The Fermat numbers (F(n)=2^(2^n)+1) are pairwise relatively prime; in other words, each Fermat number is coprime with all the others. The first observation to be made from this is that *there must be an infinite number of primes*, since every new Fermat number (and there are an infinite number of those anyways) shares no factors with any other. The second observation that I have is, "Wow. These numbers increase fast." Essentially, the number of binary digits doubles in going from one Fermat number to the next.

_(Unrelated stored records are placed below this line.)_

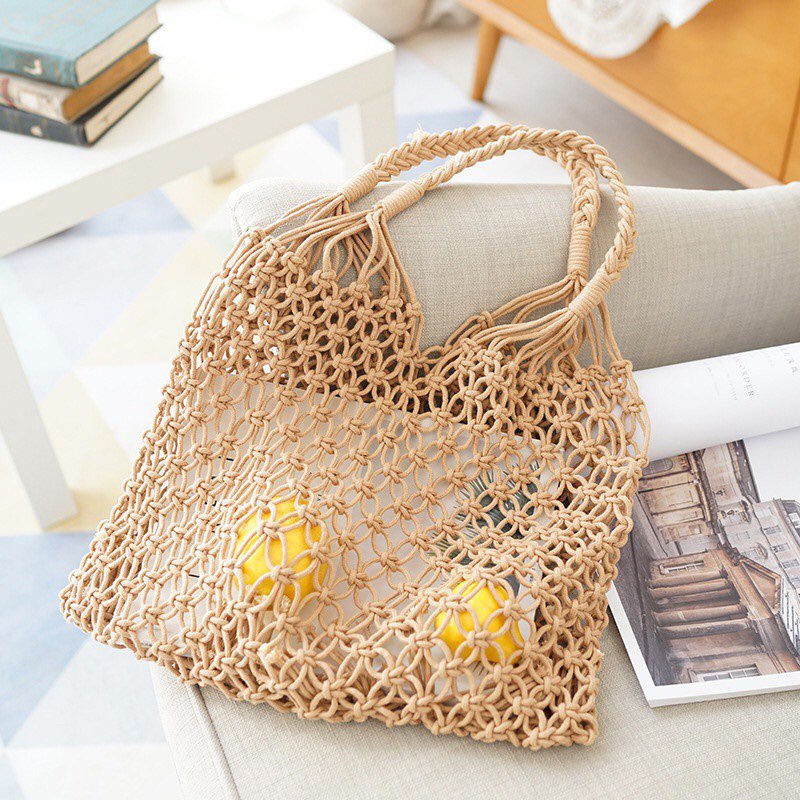 Túi lưới cá đeo vai đi biển - Macrame dây ngắn - size M
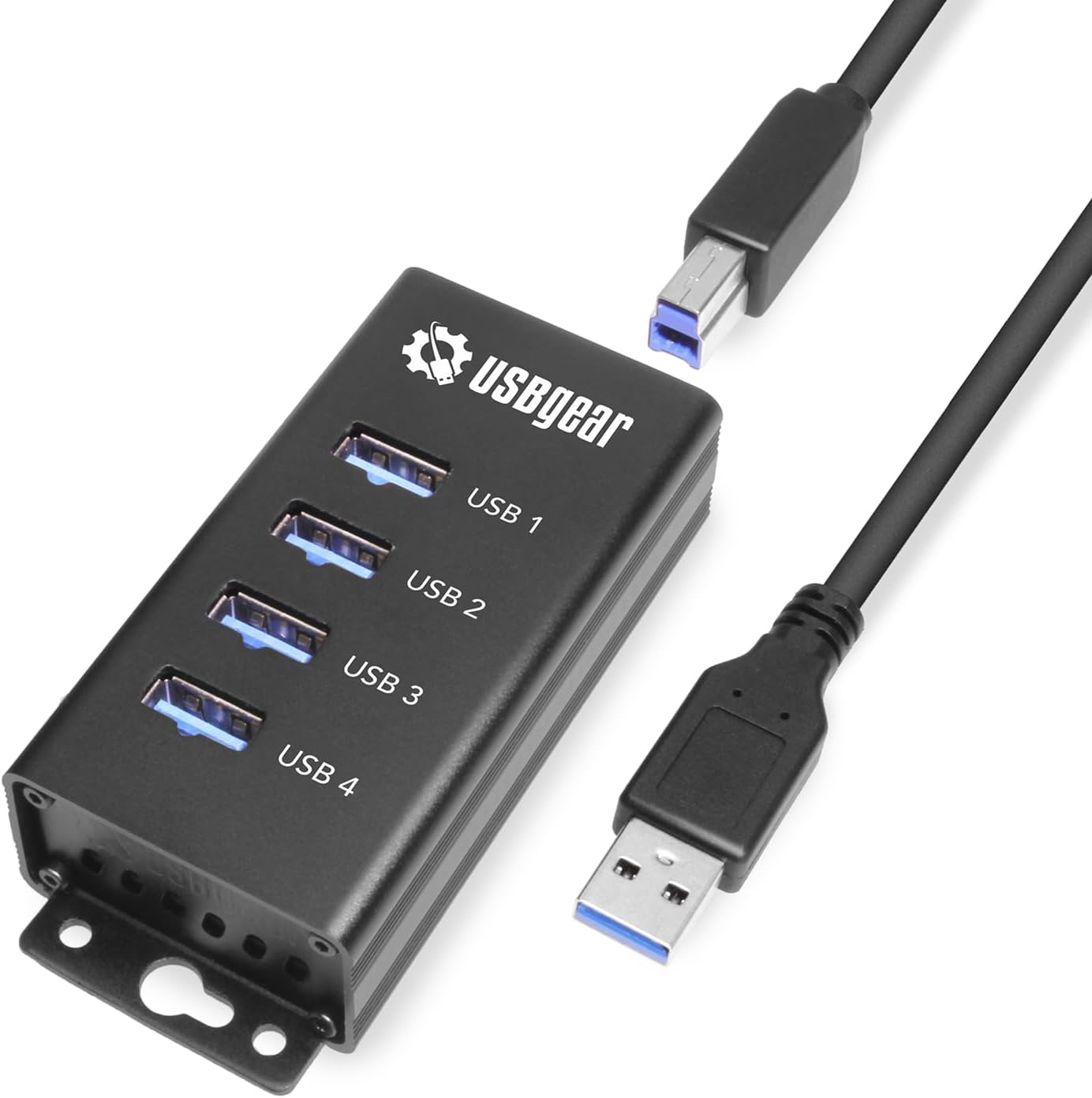 USBGear 4 Port USB Hub 3.2 Gen 1 – Mountable SuperSpeed Data Hub with USB Ports for Laptop, PC, Desktop, and More, 5V/2A Power Adapter with Type-A to Type-B Cable (3ft), Computer Accessories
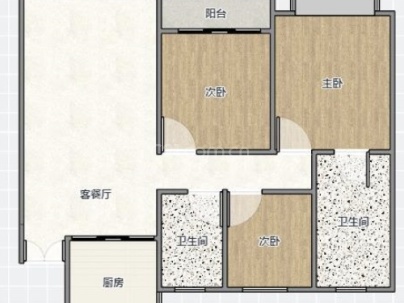 中梁旭辉国宾府 3室 2厅 107.47平米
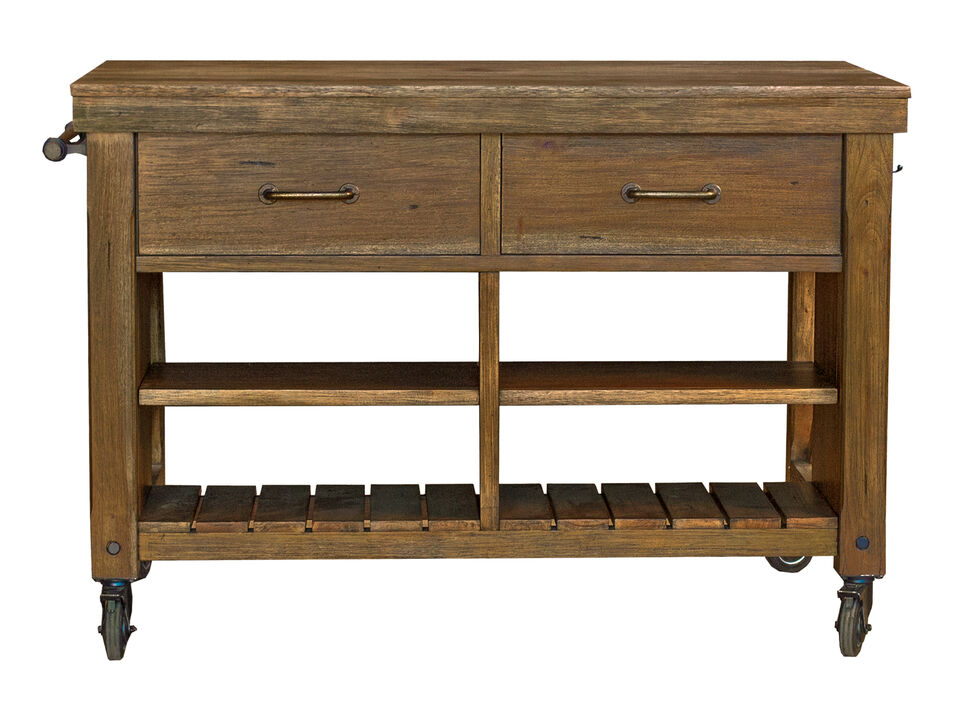 Belen Kox Rustic Mahogany Kitchen Island with Locking Casters, Belen Kox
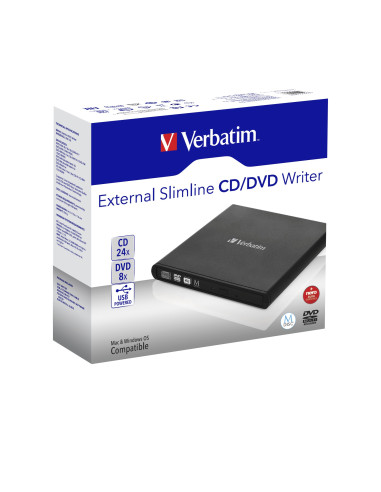 Verbatim Slimline CD/DVD lettore di disco ottico DVD-RW Nero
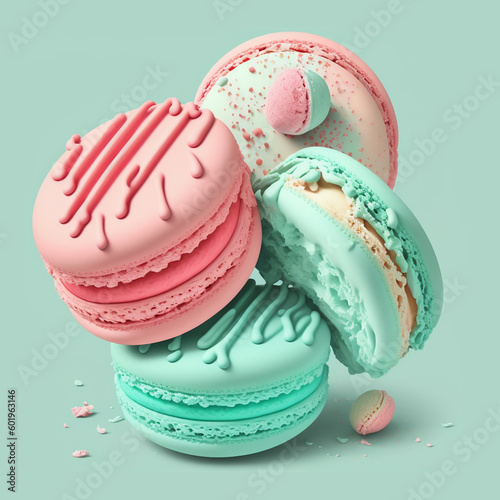Cake macaron or macaroon stack on mint background, colorful mint and pink almond cookies, pastel colors.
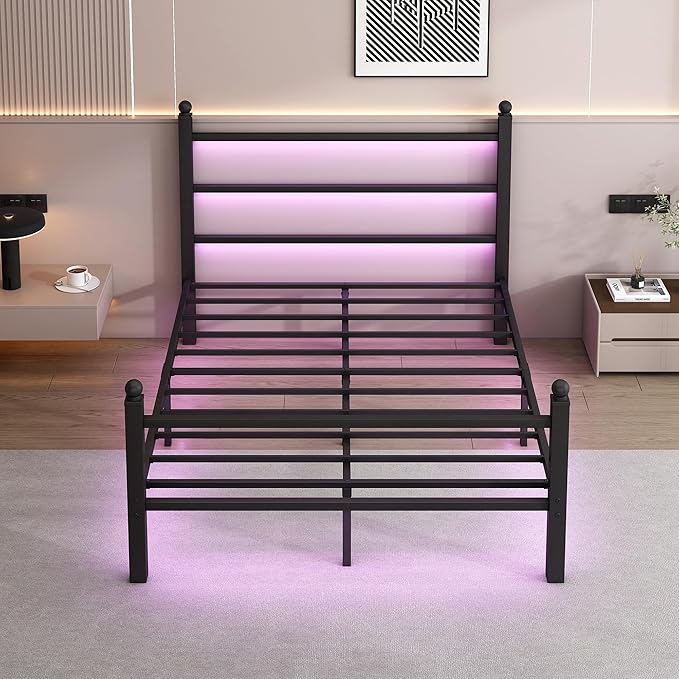 CLIBFENG Full Size Bed Frame with Headboard and Footboard,Steel Slats Support-LED Bed Frame with USB Charging Station,Mattress Foundation-Under Bed Storage, No Box Spring Needed,Noise Free,Black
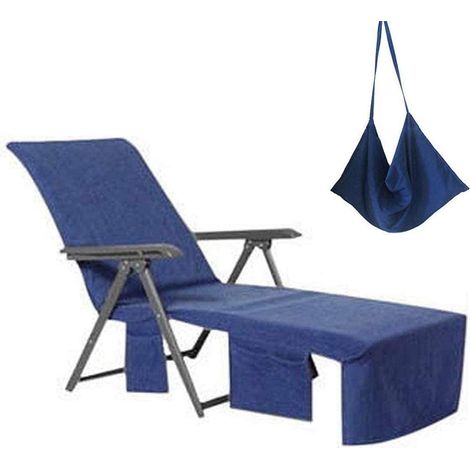 Housse de chaise longue en microfibre, serviette de plage, housse de chaise longue de piscine avec poches pour les vacances et les bains de soleil (1/5)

The same is (roughly) true of the number of decimal digits (after F(3)).

**Proof that the Fermat numbers are relatively prime**:

Begin with the first Fermat number, F(0)=3. This just so happens to equal the Mersenne prime 2^2-1=3. Note that the second Fermat number, F(1)=5, is equal to 2^2+1. 3 and 5 are both prime, and are automatically coprime. (x+1)*(x-1)=x^2-1, so 3*5=(2^2-1)*(2^2+1)=2^4-1=15. F(2)=17=2^4+1, so 3*5*17=(2^4-1)*(2^4+1)=2^8-1=255. F(3)=2^8+1=257 (just so the pattern is obvious...). Now for some induction on the hypothesis that "the multiplication of the first k Fermat numbers is equivalent to F(k)-2":

i) Show for k=1 (done above).

ii) Assume for k=m, m an abitrary natural number. So F(0)*F(1)*F(2)*...*F(m-1)=F(m)-2 (by assumption).

iii) Try k=m+1. We expect that F(0)*F(1)*...*F(m-1)*F(m)=F(m+1)-2. Substituting from the assumption, F(0)*F(1)*...*F(m-1)*F(m)=(F(m)-2)*F(m)=(2^(2^m)-1)*(2^(2^m)+1)=2^(2^(m+1))-1=F(m+1)-2, which is what we expected. Therefore the hypothesis is true.

The consequence of the above induction is that **every Fermat number is congruent to 2 mod every smaller Fermat number**. 2 is the only number that could divide both of the numbers x and x+2, but every Fermat number is odd, so all Fermat numbers are relatively prime.